Acrylic nails can also take their toll. Experts warn not to wear them for more than three months at a time, and give them a full month off in between.

Avoid cover ups. It’s tempting to hide thick, yellow nails but see your doctor before you hit the salon. The cause could be normal aging or damage from nail polish and treatments, but fungus could also be the culprit. Nail polish can lock moisture that feeds the problem. A doctor or podiatrist can help identify the cause of unsightly nails and recommend treatment.

Know when to see a doctor. Manicures and pedicures are beauty treatments only — you should see your doctor if you’re experiencing pain, sores, poor circulation or cracking skin. If you suffer from a condition that affects your hands and feet — like arthritis, plantar fasciitis or diabetes — your doctor or podiatrist can suggest ways to customize your salon experience.
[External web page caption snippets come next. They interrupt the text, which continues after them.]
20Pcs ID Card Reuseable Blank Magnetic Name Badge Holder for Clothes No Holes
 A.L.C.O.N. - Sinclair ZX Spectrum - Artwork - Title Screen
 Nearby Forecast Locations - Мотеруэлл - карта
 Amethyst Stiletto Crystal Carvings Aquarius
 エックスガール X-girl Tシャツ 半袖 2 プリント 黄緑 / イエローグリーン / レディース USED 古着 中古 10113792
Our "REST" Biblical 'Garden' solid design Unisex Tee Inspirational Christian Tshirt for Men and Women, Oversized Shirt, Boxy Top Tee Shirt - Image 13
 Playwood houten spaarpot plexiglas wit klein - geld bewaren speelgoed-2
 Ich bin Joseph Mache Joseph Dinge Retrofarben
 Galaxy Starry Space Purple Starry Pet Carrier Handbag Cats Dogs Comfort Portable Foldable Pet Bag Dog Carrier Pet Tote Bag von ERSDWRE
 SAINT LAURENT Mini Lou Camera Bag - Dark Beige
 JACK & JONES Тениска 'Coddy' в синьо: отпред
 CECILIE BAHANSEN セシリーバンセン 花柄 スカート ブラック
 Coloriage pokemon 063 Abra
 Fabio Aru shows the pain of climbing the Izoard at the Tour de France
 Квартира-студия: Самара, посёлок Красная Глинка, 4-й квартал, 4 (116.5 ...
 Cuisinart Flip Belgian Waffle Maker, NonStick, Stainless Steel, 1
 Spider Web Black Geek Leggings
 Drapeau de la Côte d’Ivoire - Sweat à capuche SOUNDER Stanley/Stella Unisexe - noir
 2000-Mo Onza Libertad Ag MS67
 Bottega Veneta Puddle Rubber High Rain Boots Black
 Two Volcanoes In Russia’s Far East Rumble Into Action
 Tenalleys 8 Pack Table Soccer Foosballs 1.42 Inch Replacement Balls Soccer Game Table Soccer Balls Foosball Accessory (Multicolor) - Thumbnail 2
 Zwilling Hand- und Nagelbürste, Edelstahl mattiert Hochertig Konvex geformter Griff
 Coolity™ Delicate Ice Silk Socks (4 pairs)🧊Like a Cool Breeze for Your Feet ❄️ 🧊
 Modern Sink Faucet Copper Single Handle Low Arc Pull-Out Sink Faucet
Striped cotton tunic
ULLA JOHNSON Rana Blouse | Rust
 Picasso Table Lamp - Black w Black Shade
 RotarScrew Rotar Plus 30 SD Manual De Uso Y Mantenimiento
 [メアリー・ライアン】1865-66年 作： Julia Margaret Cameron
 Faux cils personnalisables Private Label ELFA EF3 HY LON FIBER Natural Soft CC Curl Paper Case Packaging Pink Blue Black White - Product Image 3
Follow up on problems. If you notice any signs of trouble following your procedure — like swelling, redness, itching and oozing — have it checked out. Any problems resulting from a salon treatment should also be reported to your state or province’s regulatory board.

If you think you’ve caught a foot fungus, get it treated right away. Fungus on the skin can easily spread to nails where it’s much harder to eradicate. The longer the problem goes untreated, the harder it will be to treat.

Overall, mani-pedis should enhance your wellbeing and appearance, not detract from it. It may take a little effort to find the right place, and you may not necessarily find the lowest price, but don’t be afraid to ask questions and speak up if you see something amiss.